The end has come for Harold Camping but it’s not the end of the world

You might not know or remember the name Harold Camping but you probably are familiar with his work.  He was the man who had convinced many of his followers that the end of the world was coming in May 2011.  When this didn’t come about as predicted, rather than learn his lesson he stated that he misinterpreted what the rapture was but still called for the end of the world in October of 2011.  This was undoubtedly little comfort for his followers who had sold their homes and toured around in RV’s touting the end of the world.  It probably also didn’t make the people happy who had given his ministry $80 million over a five year span.

Harold Camping died at the age of 92 on December 15, 2013.  I don’t wish to speak ill of the dead but I must question whether Camping’s contributions to Christianity were undone by the embarrassment that he caused.  I never followed Camping’s teachings and even if I did, only God can judge the heart of a man.  I truly hope that he was a genuine Christian who was just misguided in a particular belief and not a man who led many astray under the guise of Christianity.

I get very frustrated when Christian leaders cause an embarrassment to Christianity.  I’m not talking about getting caught in affairs and scandals, those are bad obviously but that is different than what I’m talking about.  I get mad when Christian leaders claim to speak for God when it doesn’t appear as if God has spoken.  We have lots of revelation from the Lord, it’s called the Bible.  What the Bible declares to be sin, we should boldly proclaim to be sin.  But too many leaders take things a step further and declare things that the Bible does not say.

God does punish sin but He doesn’t always bring disaster upon cities or nations because of their sins.  Unless God has spoken directly to an individual to proclaim this as truth, they should parse their words.  Boldly speak the truth about sin but don’t make sweeping proclamations about what God is doing in response to that sin.  God will judge sin, it just might not be here on earth.

Likewise, we know that one day “the end” is coming.  I can definitively say that we are one day closer today than we were the day before.  Beyond that, we simply don’t know.  Jesus gave us signs of the end and we do see them in the world today.  However, every generation has looked around them and has seen those signs.  And perhaps this is the point – Jesus could return at any moment because the signs have always been there and always will be.

Of further embarrassment on the end of the world front though, Jesus said that no one knew the day or hour of His return – not even Him!  There is no secret Bible code that Jesus couldn’t figure out but math whizzes today can crack.  In short, I can’t think of any way to say it other than the fact that people who want to declare they know more than Jesus that they reek of arrogance and ignorance.

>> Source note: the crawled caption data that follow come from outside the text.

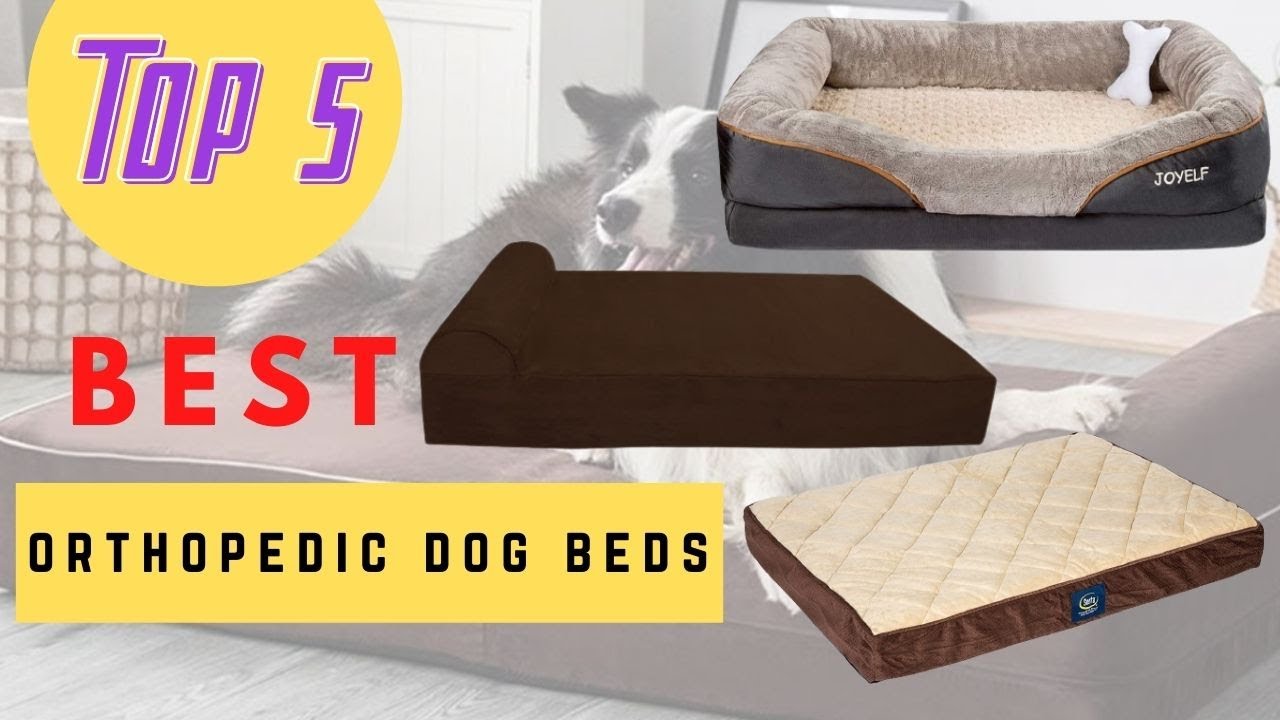 What Type Of Orthopedic Dog Beds Best For You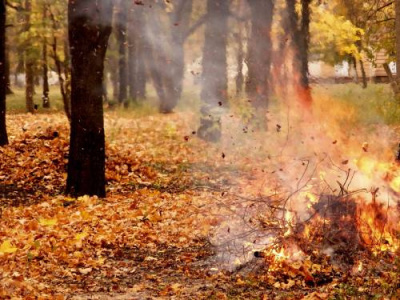 Журавлев Павел - Когда растает дым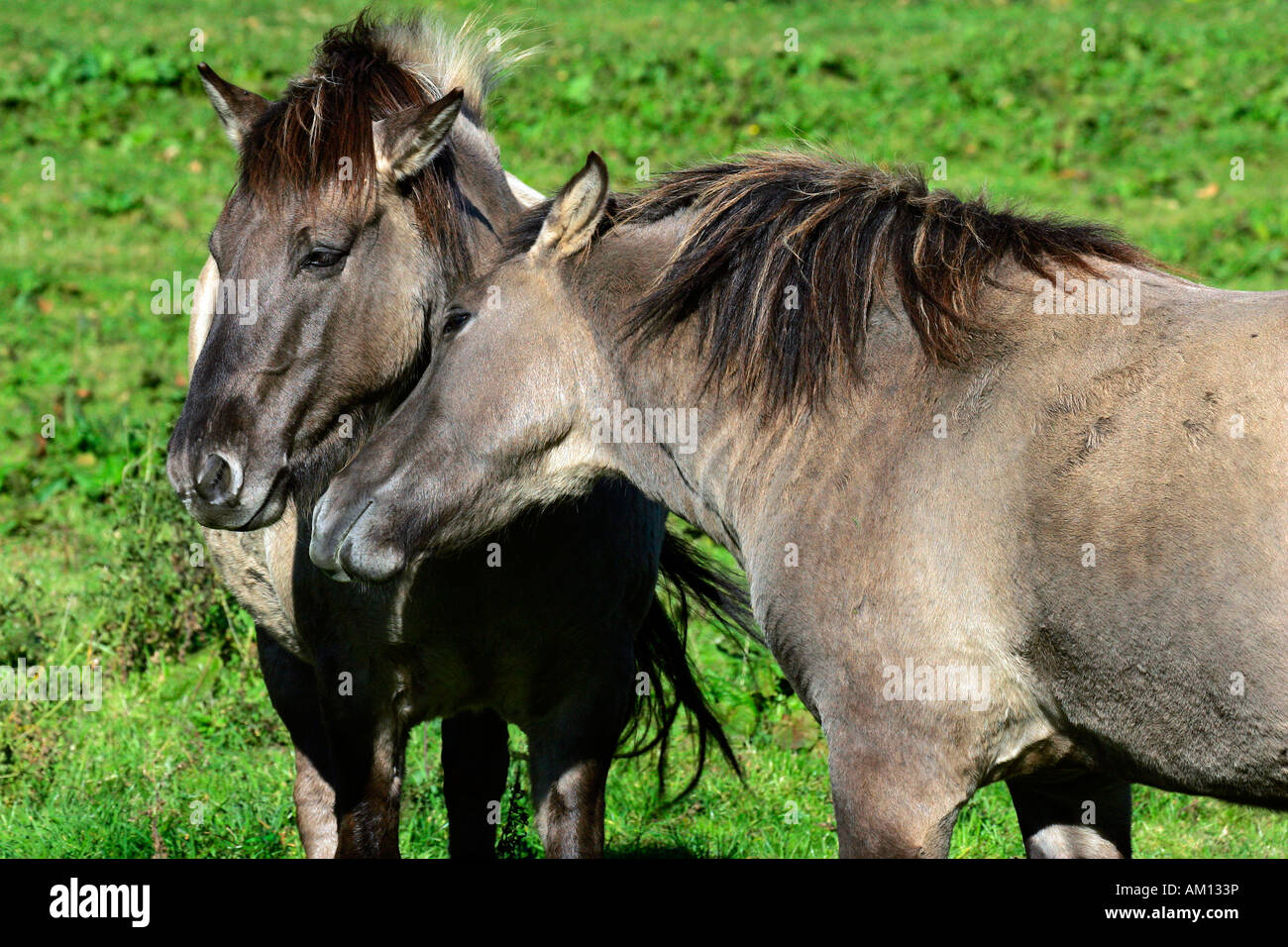 Cavalli Konik - il comportamento sociale (Equus przewalskii f. caballus) Foto Stock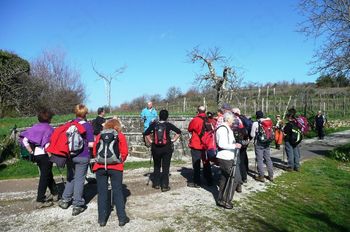 Pohod po Šavrinskih gričih in dolini Dragonje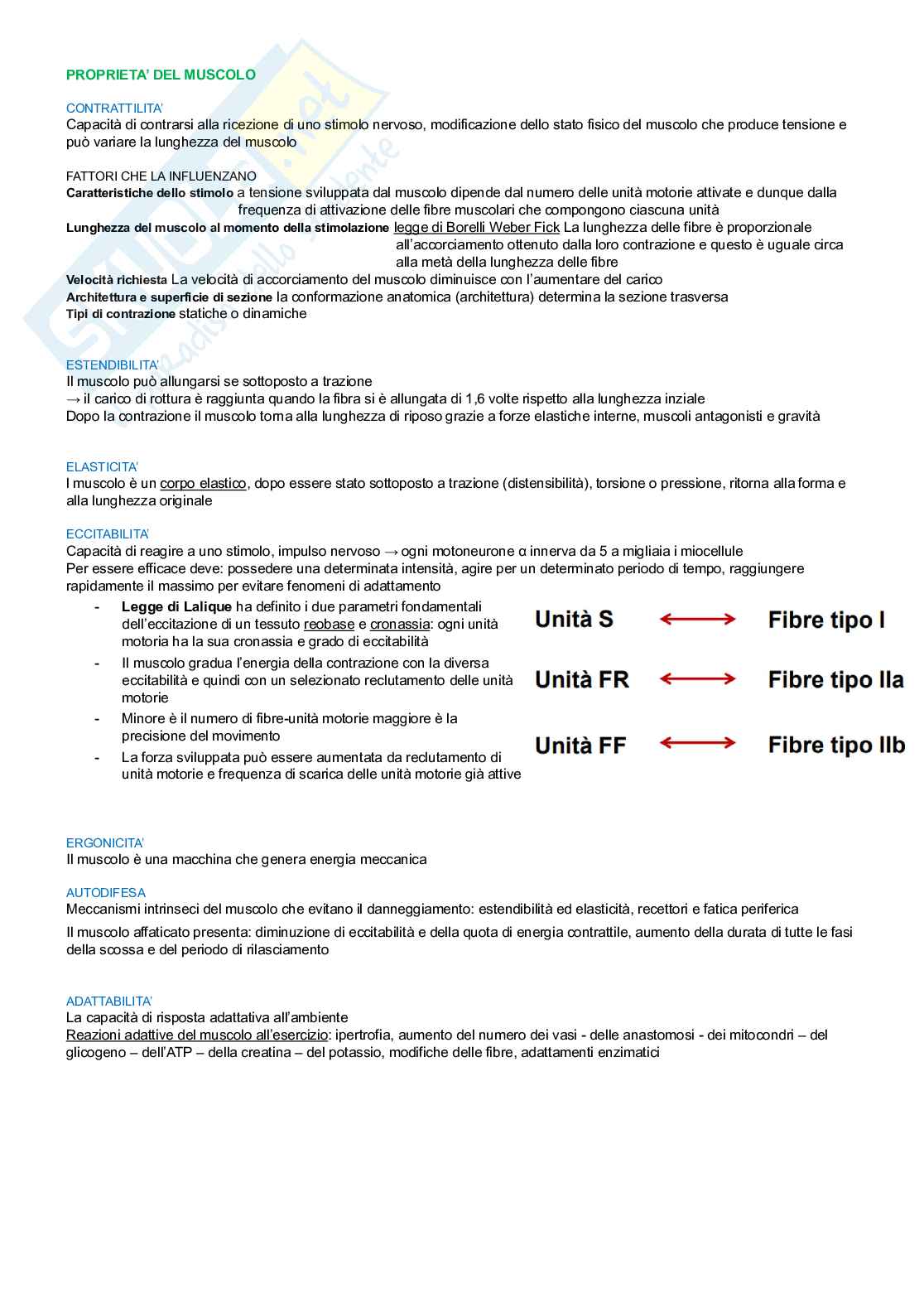 Teoria e metodologia del movimento umano  Pag. 21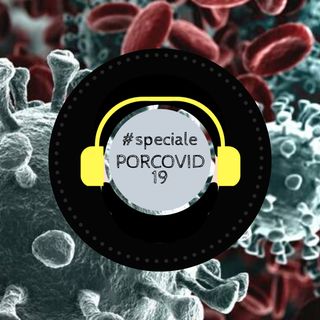 #Speciale - Porcovid-19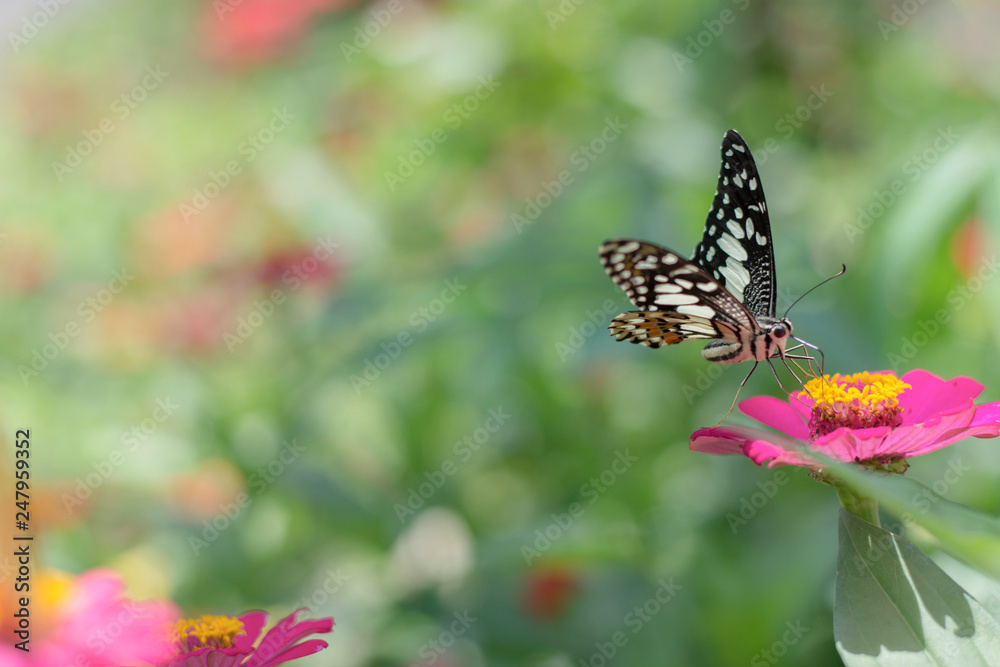 Naklejka premium Butterflies in spring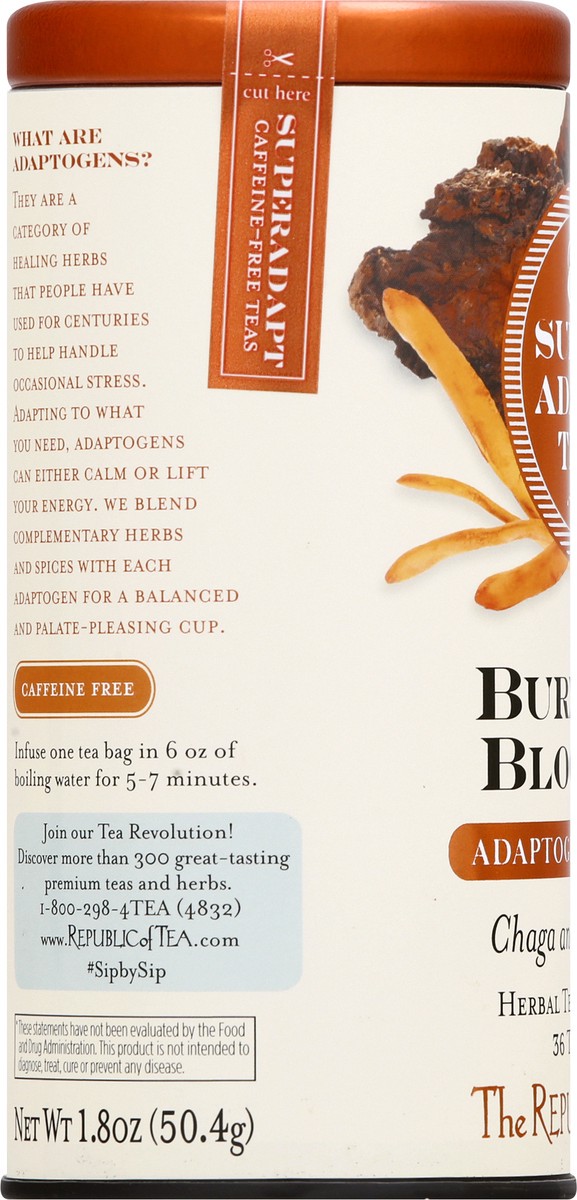 slide 6 of 9, The Republic of Tea Bags Burnout Blocker Super Adapt Tea - 36 ct, 36 ct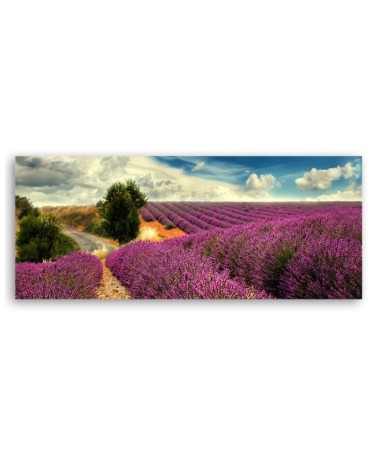 Modernes Wandbild - Lavendellandschaft | Feeby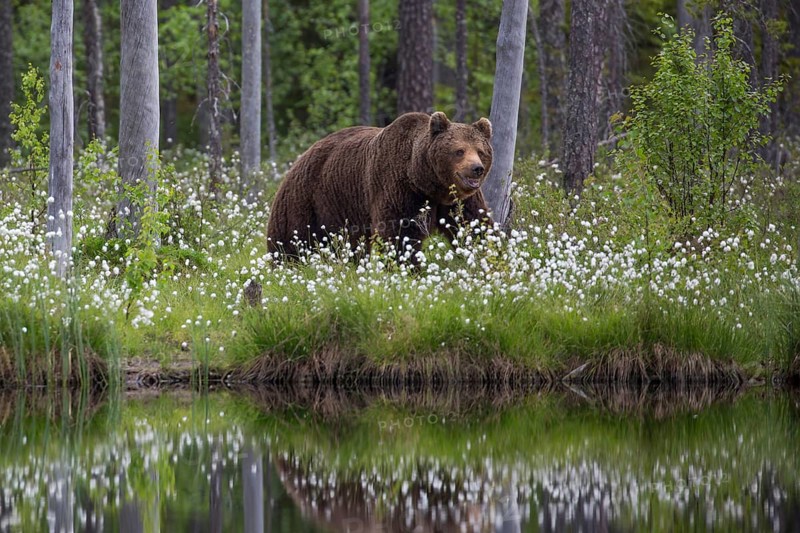European brown bear (Ursus arctos), Europe, Scandinavia, Finland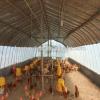 light span steel structure for poultry house farm steel structure farm warehouse #1 small image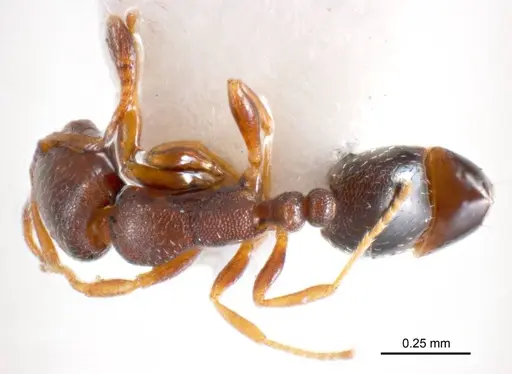 Monomorium sydneyense specimen ANTWEB1008682 image antweb1008682_1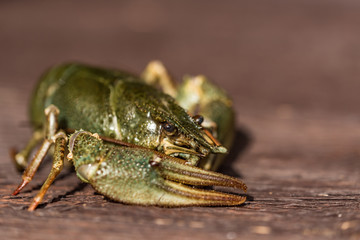 Raw crayfish with beer on wooden background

Unfortunately Christians sometimes adopt an “end justifies the means” mentality that does more harm than good.  In an effort to prevent sin, broad proclamations about judgment are made which may make Biblical sense but are not Biblically supported because frankly the Bible just doesn’t tell us that a hurricane today is indisputably the judgment of God for a particular sin.  It could be, but not every disaster is the judgment of God.  Jesus made that clear when He discussed the tower of Siloam killing 18 people in Luke 13:4.

Perhaps Camping’s great fault was that he was overzealous to warn people about the judgment that awaits unrepentant sinners.  I can’t claim to know what his true motivations were.  If this were it, he could be excused for wanting to get the gospel out.  But I will never excuse the methods that involve misinterpreted scripture, no matter what the intended result was.

In the end Harold Camping went to meet his maker about 2 1/2 years later than he expected.  I can only hope that the word he receives from the Lord is a “well done” to a well intentioned but misguided man and not a “depart from me, I never knew you.”